Estudio Guto Requena has taken inspiration from Brazilian culture for Wallmart’s São Paulo HQ
Tech start-ups with the cool factor turned up to 11 are ten-a-penny these days, so it’s refreshing to see a corporate giant like Walmart put its dollar behind something as funky as its São Paulo offices.
“They reached us through another office we designed: São Paulo’s Google headquarters,” says Guto Requena from the design studio that takes his name. “It was a direct invitation and we were the only ones considered for it.” Requena, along with Paulo de Camargo, were the architects responsible for this five-floor scheme in a new-build tower in Brazil’s largest city.
This is the office for the dot-com arm of the American retail giant, and as such, explains Requena, “most of their employees are young people under 30, so the design brief was about making them want to come to work.” Hence the inclusion of skateboards and bikes to reflect the interests of this demographic. “Also, the space is supposed to represent the company concepts of Respect, Service, Ethics and Excellence. They were also open to our idea of bringing some ‘Brazilian-ness’ to the space.”

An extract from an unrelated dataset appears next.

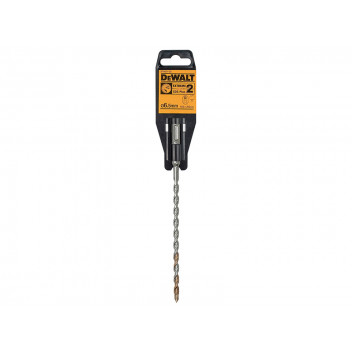 DEWALT SDS Plus EXTREME 2 Drill Bit 6.5 x 210mm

This workplace is the very antithesis of the cubicle-laden floorplates that so typify the North American office, and by the sounds of it, the architects pushed for it to have a strong design identity. Requena and de Camargo say they conducted the usual interviews and online exchanges with company employees to assess the values, needs and expectations of those working in this environment, but what’s different here is talk of their “having long conversations with coffee and homemade poundcake late into the afternoon, talking about life.”
It was this philosophising that then drove all the project choices. Sounds a lot more chilled than poring over space-utilisation charts and various vectors to see what would be best for the way the staff work.
“Most employees are under 30, so the brief was about making them want to come to work”
Continues de Camargo, “Brazilian culture is reflected most in the creative and informal way we occupied the whole space and the way we wanted people to interact with each other as they move through the floors.”
The architects brought the outside in, to reflect the Brazilian habit of interacting most when outdoors. In rural areas, they say, it’s commonplace to simply place a chair in the street and chat to one’s neighbours of an evening. Communal areas that are more like balconies or patios feature beach chairs, picnic tables and rocking chairs. The feeling of brasilidade, or Brazilian identity, even goes as far as the table settings, the flower species specified for the green belt that runs through the peripheral spaces and the checked carpet pattern, a large-scale nod to the gingham cloth associated with picnics. Images from contemporary Brazilian photographers plus maps, illustrations, folk art and pieces of domestic furniture by established homegrown designers again help to underpin this sense of national pride. The latter includes hammock armchairs by Maurício Arruda, a stool by Lina Bo Bardi and sofa and armchair by Fernando Jaeger.
Workstations are located near windows to take advantage of daylight while in the lounges and what the architects refer to as ‘decompression’ areas, lighting takes a more decorative turn. There are two lamps made from hollowed-out gourds (a fruit traditionally used in the making of Brazilian percussion instruments), painted grey inside and suspended from a wooden frame, with colourful wiring left exposed.
Each floor measures 1,000sq m, meaning there was a challenge to bring this vastness down to a human dimension.
To do this, the architects created ‘cocoons’ of enclosed space in the centre. Each is clad in a different wood type and colour: eucalyptus and yellow on the sixth floor, OSB and green on the seventh floor, and pine and orange on the ninth floor, for example.
The colours all relate to various elements of Walmart’s branding, with the large-scale pendants on the sixth floor representing the flower of the company’s logo. While different departments are separated out on to different floors, these decompression areas are spread out across the building, for the people from sales or human resources or finance to come together.
“The space is supposed to represent the company concepts of Respect, Service, Ethics and Excellence”
On the seventh floor there is a games room with a pool table, table football and board games; the ninth floor features an orange-clad video games room with couches and cushions for relaxing, or reaching for the console to get to the next level.
“Going up on the tenth floor, right in the middle of the space, we’ve placed a grandstand, a place for informal meetings and for people to play some music together,” says Requena. Aside from the cocoons, there are other pockets of space, with either wooden bar stools or easy chairs; on the floor here, the gingham check is replaced with rugs in the corresponding branding colour.
The piece de resistance of this workplace is undoubtedly the open area on the sixth floor. Here there is a mini golf course, a space for yoga, an open cinema as well as a cafeteria. Characterised by its timber decking, it also has a shaded area and its own grandstand that can host small events.
The architects say the design creates spaces that are welcoming and comfortable yet professional and practical. While Walmart is no tech start-up (sales totalled US$466 billion in 2013) the elements of digital culture are seemingly the same – which is why everything, from space for guitar-strumming to a round of golf, are exactly what is needed.